### Material for this task

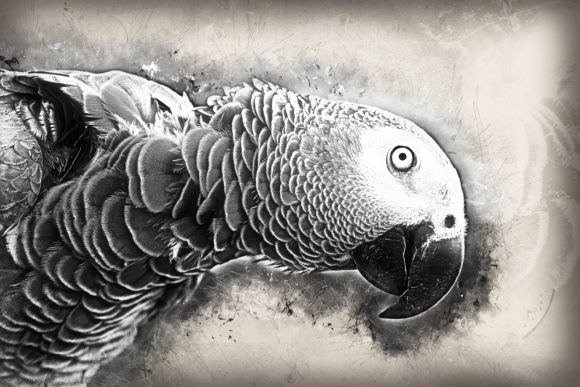 Download Grunge Style Bird Printable Graphics 12 - Bird printable Collection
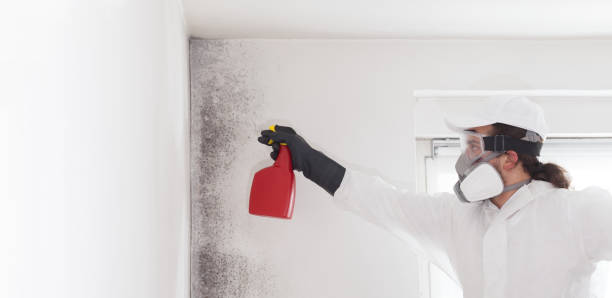 Best Crawl Space Mold Removal  in Manasquan, NJ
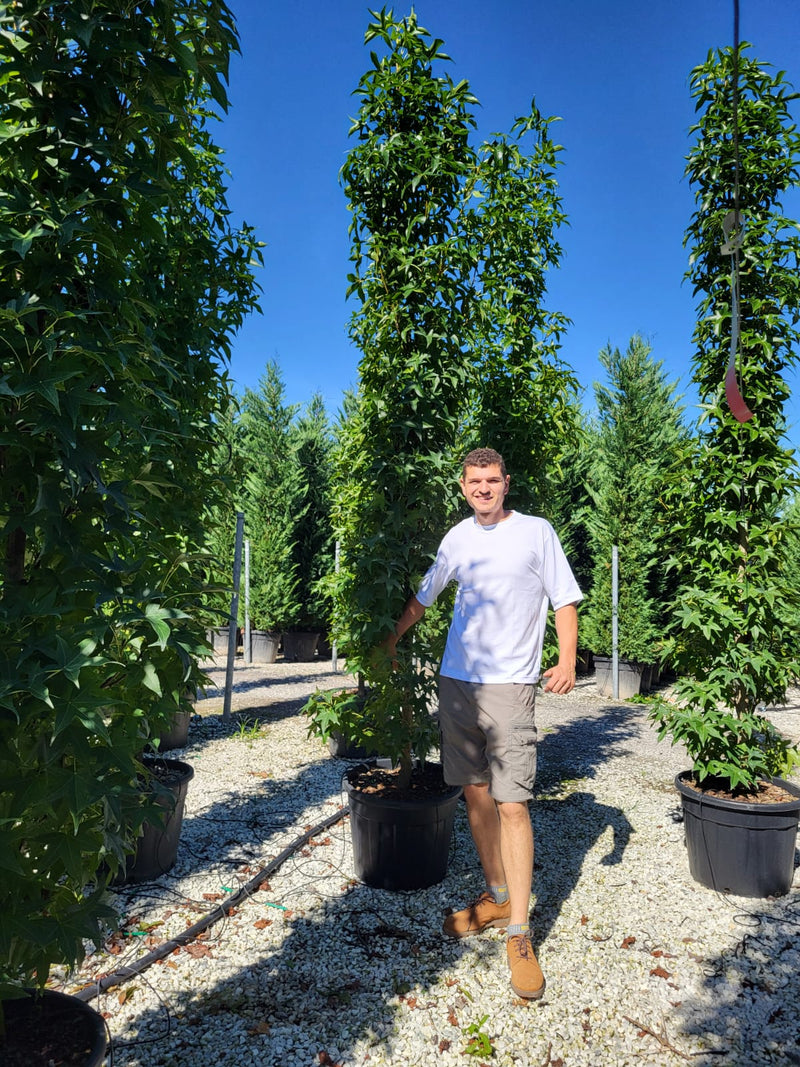 Liquidambar ‘Slender Silhouette’ (fastigié)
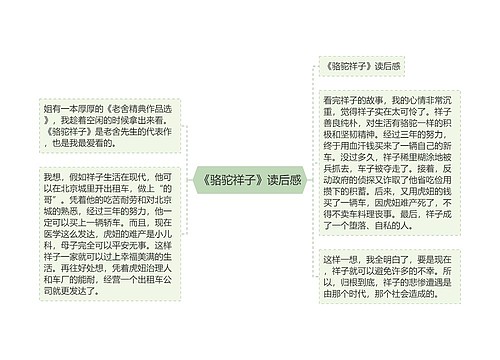 《骆驼祥子》读后感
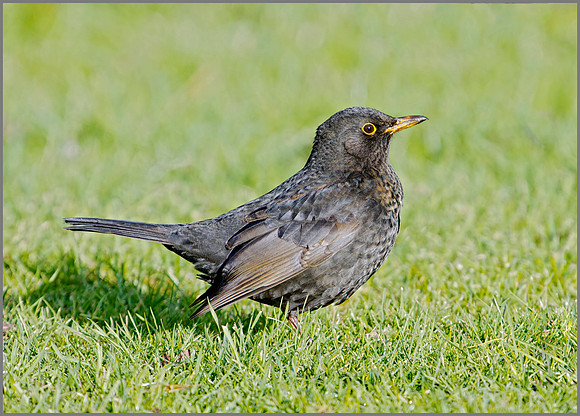 Blackbird, Bromsgrove, 27 December 2009
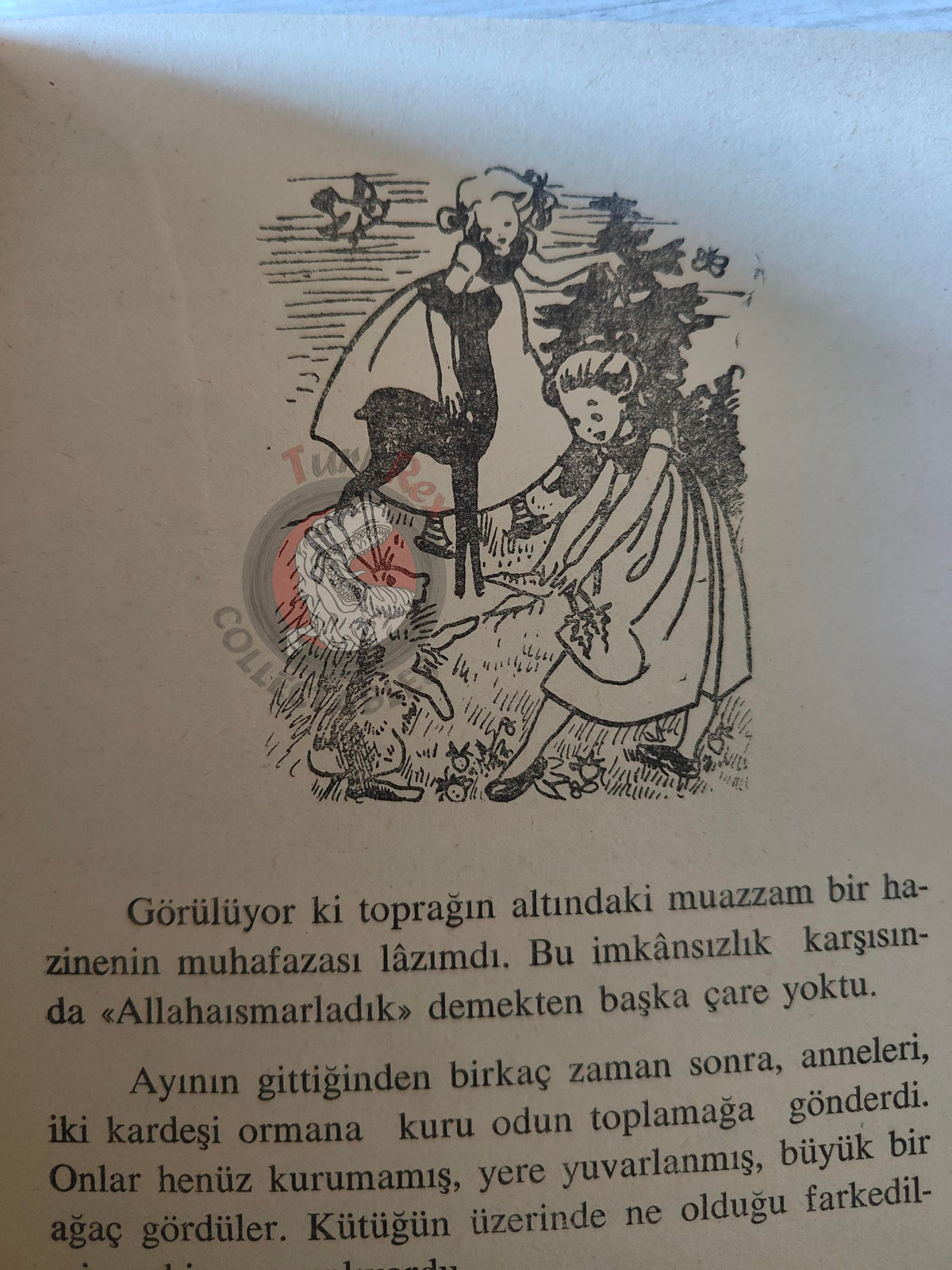 Grimm Brothers –  The Wren and the Bear 1965 Turkish Book Turkey Illustrated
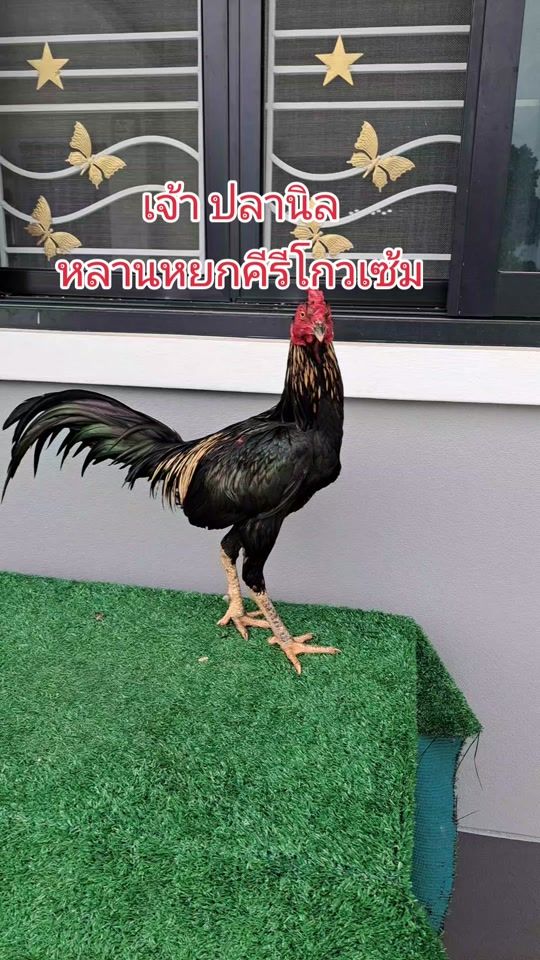 TikTok video thumbnail by kppamadiaykhom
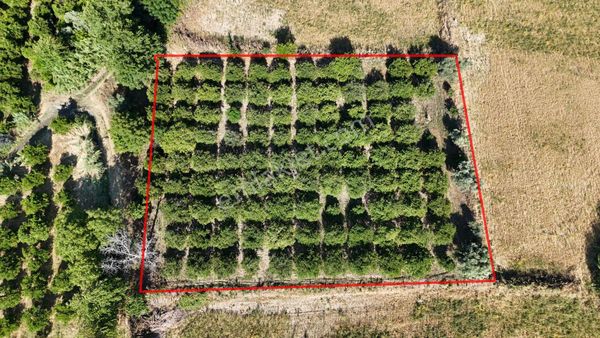 Kuyucak Beşeylül Mahallesinde Satılık 3470 M² Portakal Bahçesi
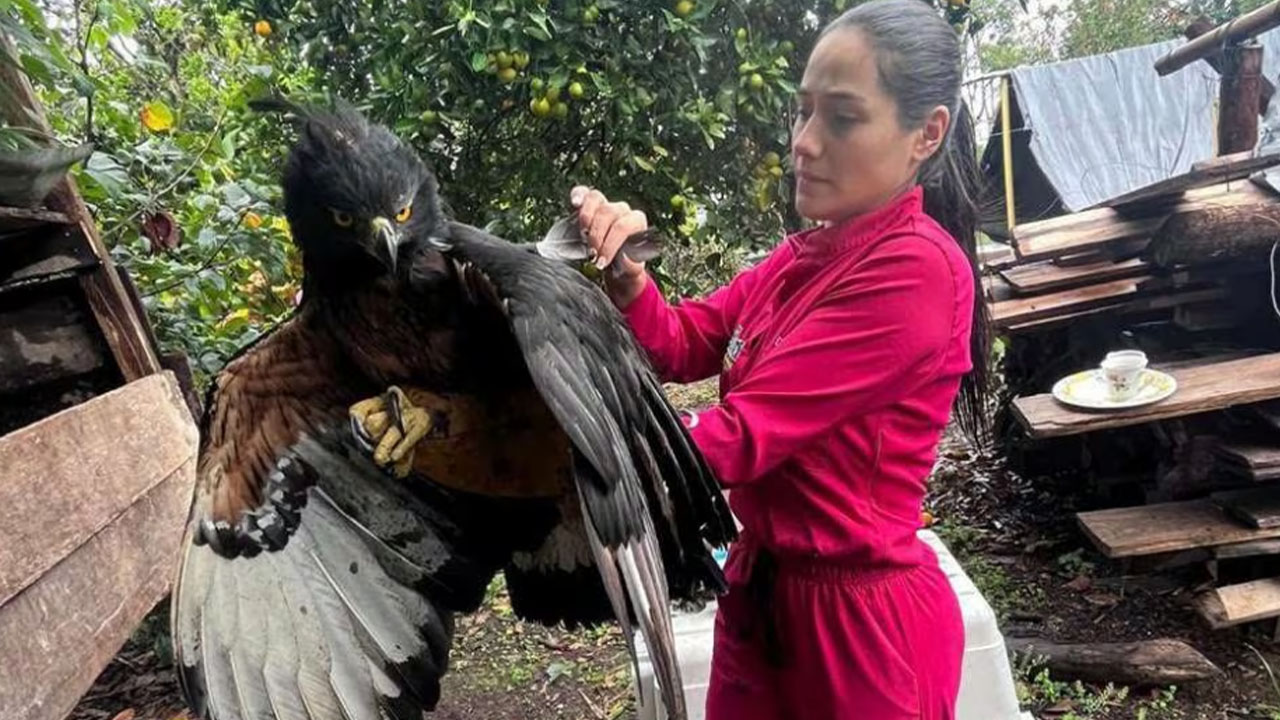 Águila real de montaña fue rescatada de cautiverio en Huila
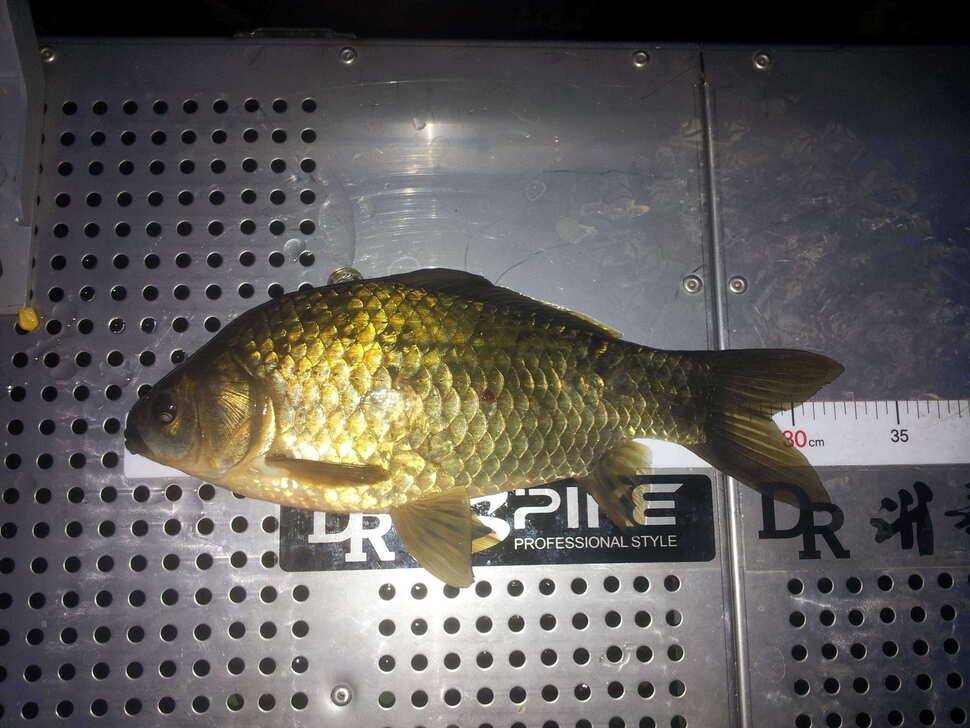 연지 바람 (조황조행기 - 월척컵토종붕어챔피언십)
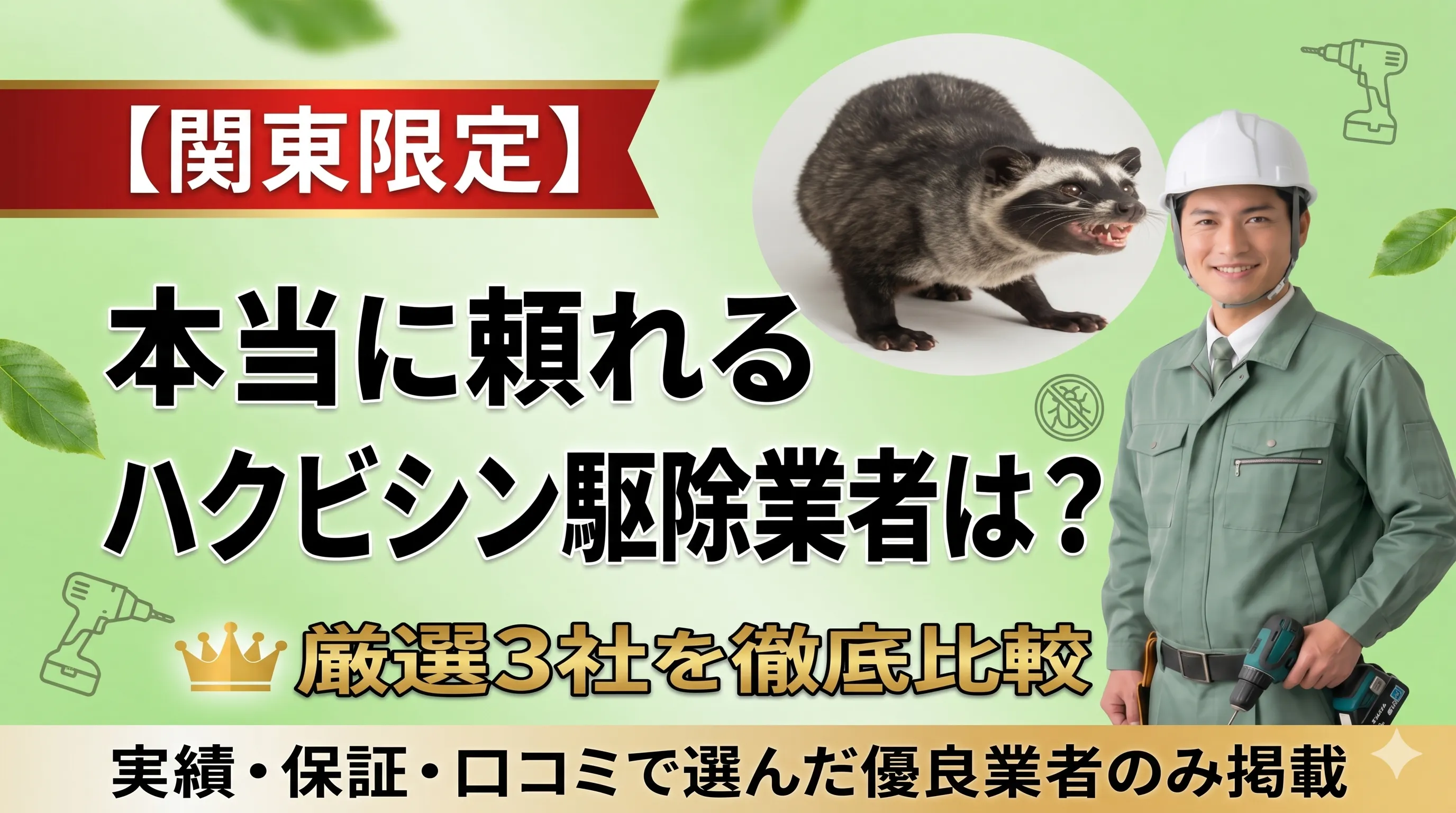 ハクビシン駆除業者を徹底比較！信頼できる厳選3社をランキング形式で紹介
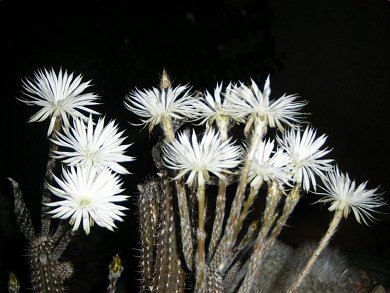 Setiechinopsis Mirabilis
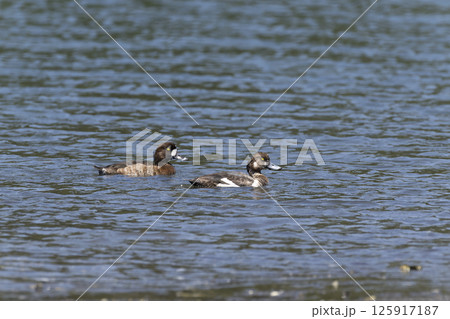 スズガモ 125917187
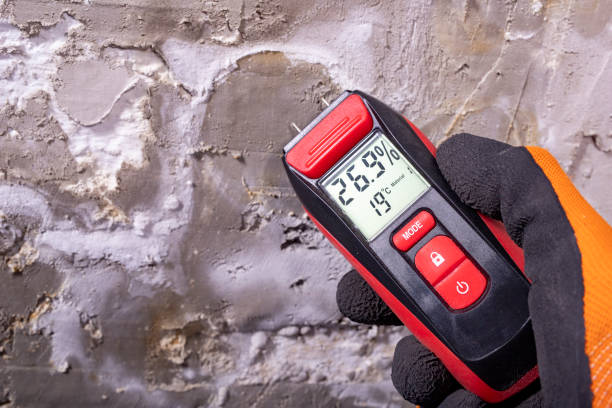Best Mold Testing  in Huron, OH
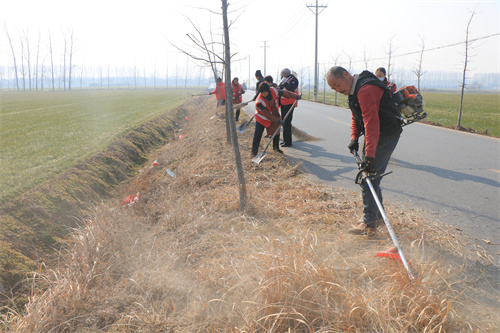 麦坡公路清理整治 066.JPG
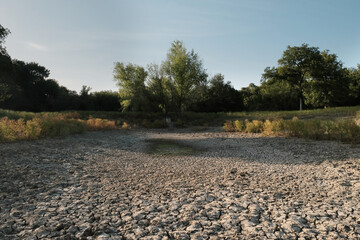 Dry environment with dried up pond and cracked clay soil.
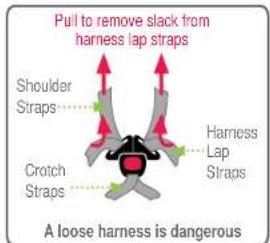 Pull to remove slack from harness lap straps Shoulder Straps Harness Lap Straps Crotch Straps A loose harness is dangerous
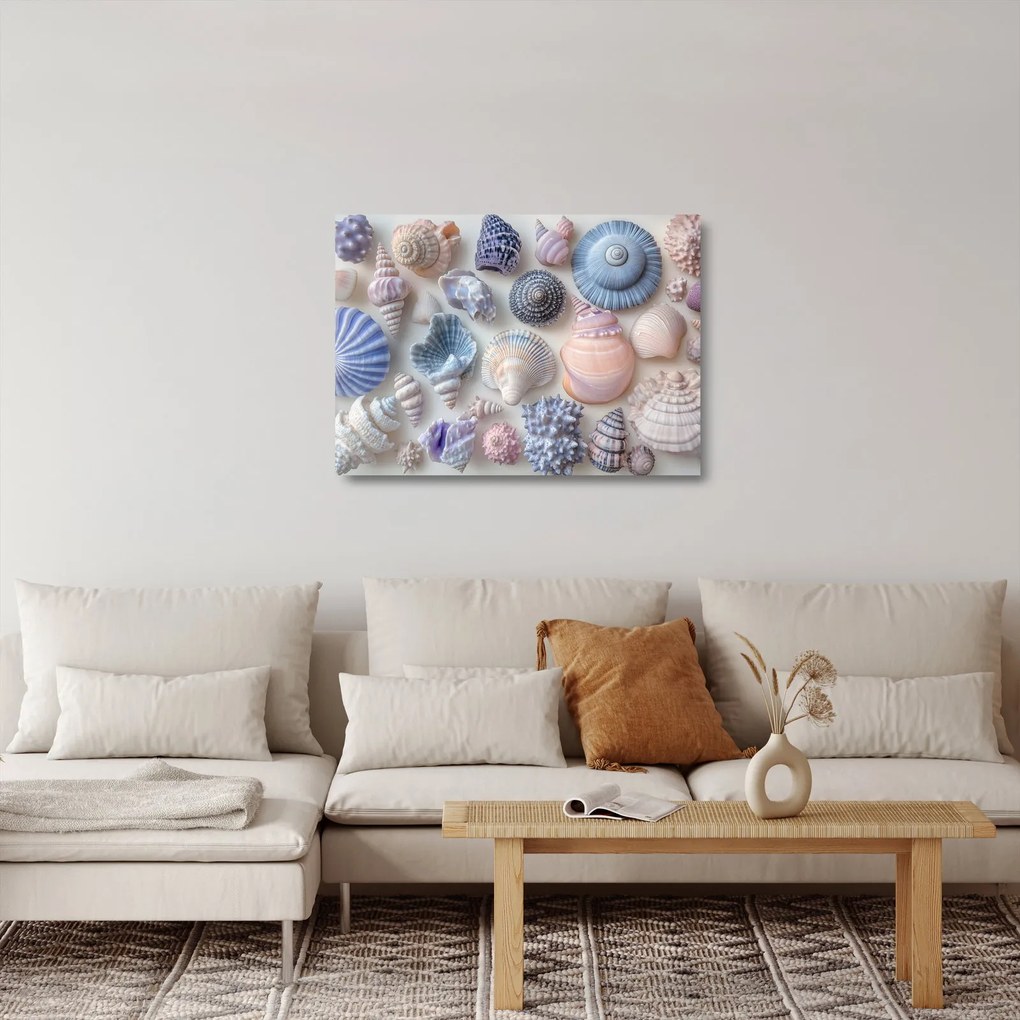 Sklenený obraz - Zbierka mušlí (70x50 cm)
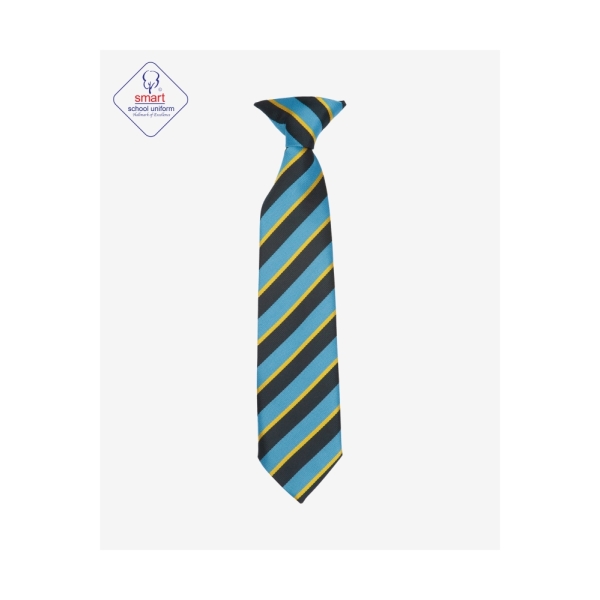 Our Lady Catholic Academy Ties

######

Pictures excluded, copy exactly the lines running from the one with "麦坡公路清理整治 066.JPG" through the last line of the material.

**Result of this task**
 麦坡公路清理整治 066.JPG
 Dry environment with dried up pond and cracked clay soil.
 Pull to remove slack from harness lap straps Shoulder Straps Harness Lap Straps Crotch Straps A loose harness is dangerous
 Sklenený obraz - Zbierka mušlí (70x50 cm)
 Our Lady Catholic Academy Ties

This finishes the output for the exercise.